The day we crossed into the Atlantic from the Hebridean Sea we could see it, a tall stick in a distance. It was the Monach Isles, we were debating for a bit whether to go there or follow the coast further, in the end we left it to the morning to decide.


Woken by the sun we looked over to the isles, they were nicely visible, wrinkles of green and white with a light house on one of them. Decision has been made for us, of course we will paddle there as we can see it so clearly. It took about two and half hours in pleasant conditions, surfing lightly forward. Monach isles consist of five islands and some of them were inhabited in the past. The green and white we have seen were the dunes, apparently the highest in Britain.

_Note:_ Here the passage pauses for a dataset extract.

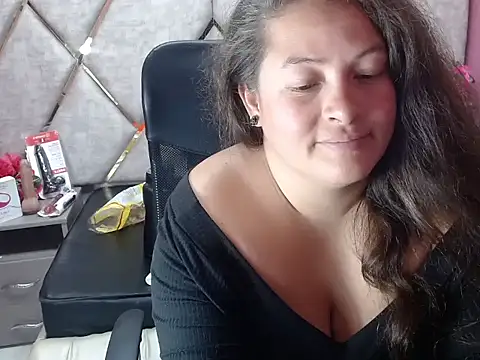 Sarah_Boobs_: онлайн-секс-чат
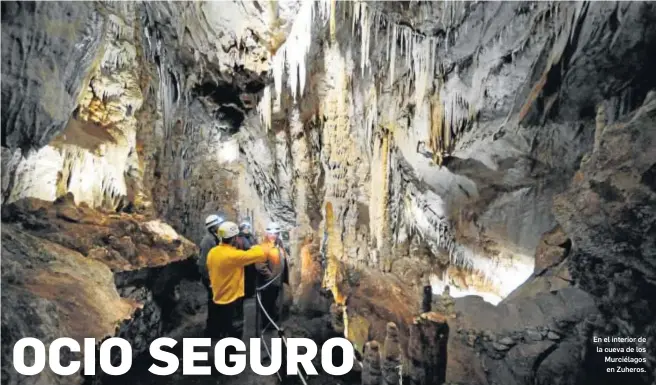  ?? REPORTAJE GRÁFICO: EL DÍA ?? En el interior de la cueva de los Murciélago­s en Zuheros.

We came closer and it was time to decide on our landing spot. However rather than long sandy stretches, all we could see were boulders lining the beach. We started to look for a gap in the rocks, and then heard it. The sound, oh no, they weren’t rocks. Of course we have read that the Monach Isles have one of the biggest seal colony in North Atlantic but who thought it would be lying on the beach. We made a retreat and went to look for a landing place without the danger of disturbing them all. Found it just round the corner and named it Dead Seal Beach. No wonder his former friends no longer wanted to share this space.


We could not choose a better day for the visit here. It was warm and the dunes sheltered us from the wind. It was also very quiet apart from the sounds of bees, birds and seals in the distance. The stillness was there and now disturbed by running rabbits.

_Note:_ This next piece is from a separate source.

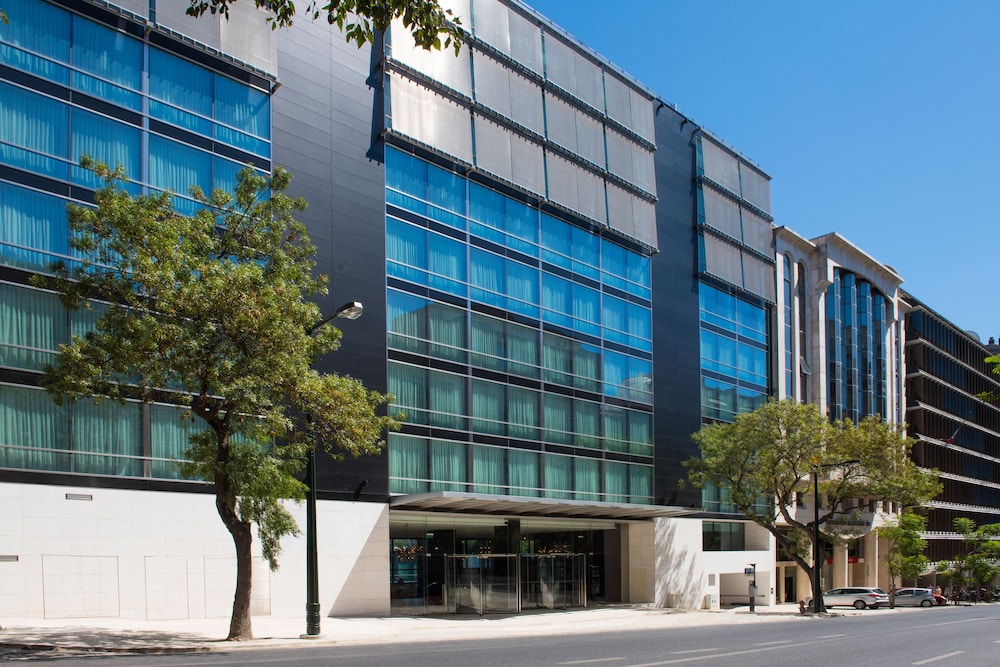 Iberostar Selection Lisboa — Hotel building in Lisbon, Lisboa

We walked all the way to where the village used to be. People lived here until 1942, and then one more family moved in for few years at the end of the 40’s. People lived mainly on two islands, this one and the one with lighthouse. Interestingly this lighthouse was manned still in the 1937. So many people lived here, that a school was built here. It looked very idyllic in the warm sun, that it was hard to believe that these isles have about 160 days of gales per year.

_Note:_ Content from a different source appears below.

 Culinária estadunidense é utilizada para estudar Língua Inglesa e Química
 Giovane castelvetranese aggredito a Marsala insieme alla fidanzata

Although it is a place out in the Atlantic, it has been visited regularly by fishermen, mainly from the isle of Grimsay. Nowadays there’s the old hall with exhibition and the old school house. This was repaired and sometimes people stay in there. We debated whether we should stay and live out the bad weather here, we found the keys and looked into the room which serves as shelter and respite to fishermen and boatsmen. Unfortunately we wouldn’t be able to comply with the note saying “Leave it as you found it” as we would have to tidy it first, so we decided to leave for North Uist instead.